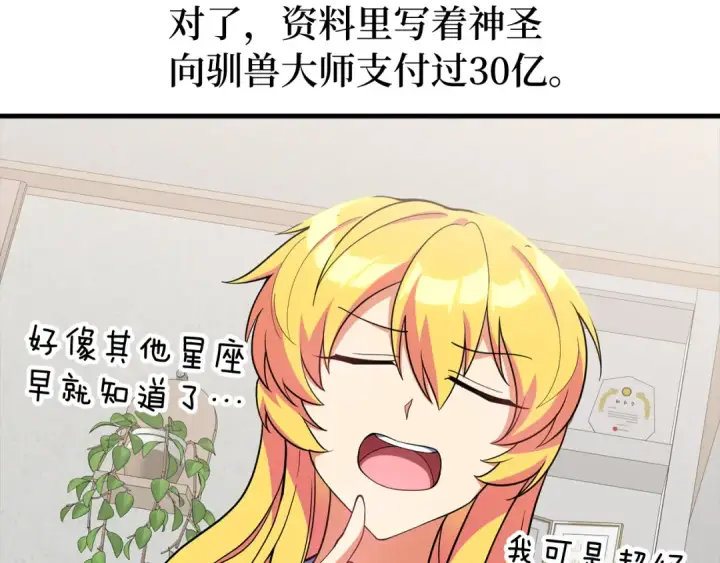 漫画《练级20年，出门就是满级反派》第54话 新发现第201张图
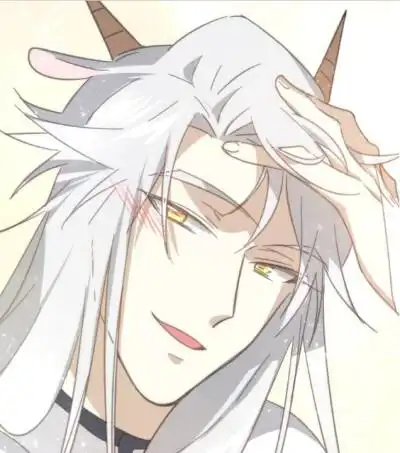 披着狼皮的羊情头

* * *

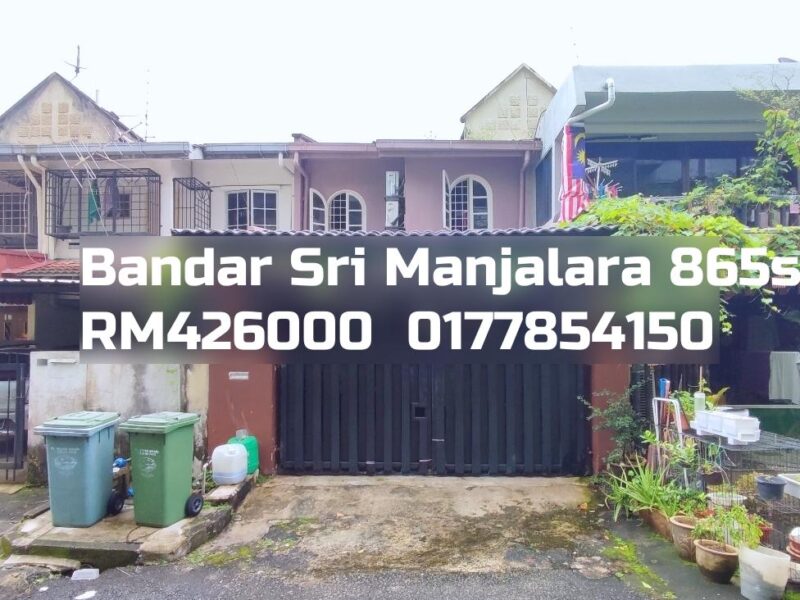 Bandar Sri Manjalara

---

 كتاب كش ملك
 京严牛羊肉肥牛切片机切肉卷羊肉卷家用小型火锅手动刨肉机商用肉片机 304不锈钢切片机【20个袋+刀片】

*EXERCISE DESCRIPTION*
Reproduce exactly the section above that begins at the line containing "كتاب كش ملك" and ends at the line containing "京严牛羊肉肥牛切片机切肉卷羊", leaving out all other lines.

*SOLUTION*
 كتاب كش ملك
 京严牛羊肉肥牛切片机切肉卷羊肉卷家用小型火锅手动刨肉机商用肉片机 304不锈钢切片机【20个袋+刀片】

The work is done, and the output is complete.